- Born: Alice Rose Eyton 8 June 1874 Hokitika, New Zealand
- Died: 3 November 1929 (aged 55) Pasadena, California, US
- Occupation(s): Screenwriter, novelist, playwright
- Spouse: Robert von Saxmar
- Relatives: Charles Eyton (brother) Kathlyn Williams (sister-in-law) Vera Doria (sister)

= Alice Eyton =

New Zealand screenwriter (1874–1929)

Alice Eyton (8 June 1874 – 3 November 1929), sometimes credited under her married name Alice von Saxmar, was a New Zealand–born journalist, screenwriter, playwright, and novelist active in Hollywood between 1918 and 1922.

== Biography ==

=== Origins ===

The third of five children, Eyton was born in Hokitika, South Island, New Zealand, to journalist Robert Henry Eyton (–1885) and Eleanor Maud Eyton (née Fosbery). Eyton's father died when she was young. Her brother, Charles Eyton, became a prominent actor and producer in Hollywood; her sister, Vera, become an American actress.
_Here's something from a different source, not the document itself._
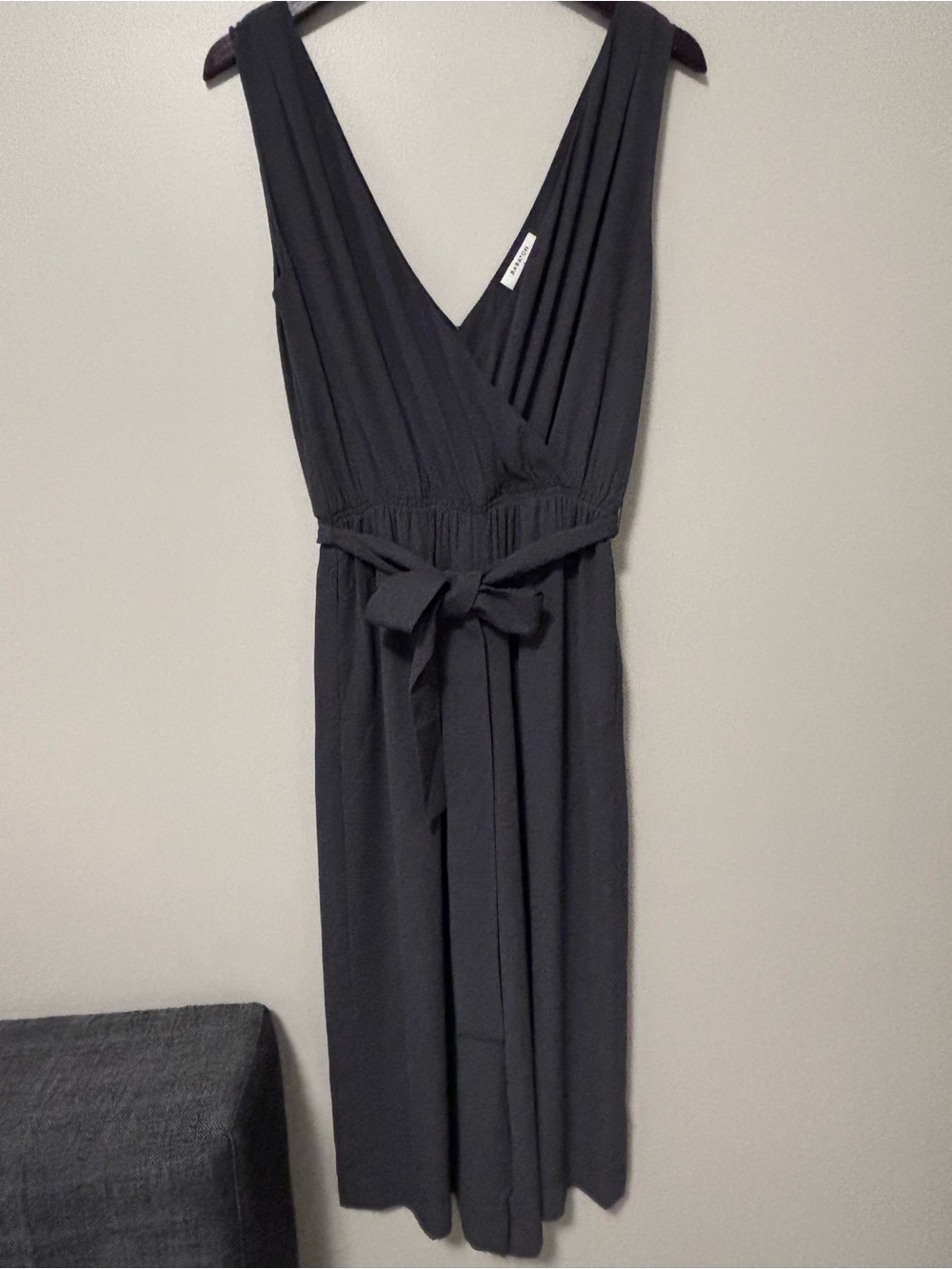 Women's Black V-Neck Wrap Jumpsuit with Tie Waist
By 1900, Eyton had already had a number of short stories published in New Zealand and Australia, under such titles as 'Behind the hills', 'Queen Empress and the cotter's wife', 'Down by the sea wall', 'Woman in the clutches of the law: At the gaols', and 'The girl he left behind him: An incident of the Transvaal war'.
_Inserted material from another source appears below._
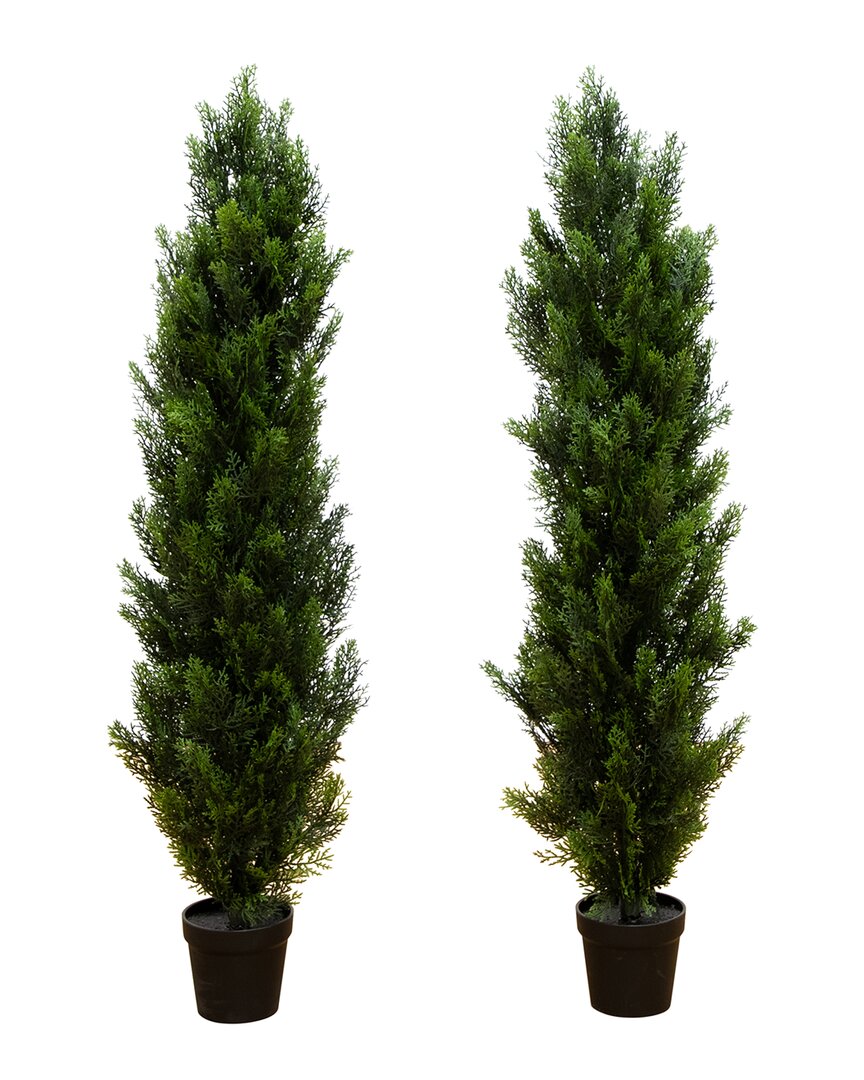 Set of 2 Indoor/Outdoor UV-Resistant 4ft Artificial Topiary Cedar Trees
In January 1901, along with many of the Sydney Bohemian set such as sculptor Nelson Illingworth, writer Louise Mack, and poet Banjo Paterson, she attended the farewell dinner of Scottish-Australian poet and bush balladeer Will H. Ogilvie (1869–1963). Following her own testimonial dinner, in February 1902, Eyton travelled to London on board P&O's RMS Arcadia.

=== Hollywood career ===

She moved to Hollywood, California, by 1905, where she continued her literary efforts. By April 1909, Eyton's first play, based on Victor Cherbuliez's 1877 novel Samuel Brohl et cie, was accepted for production in New York City.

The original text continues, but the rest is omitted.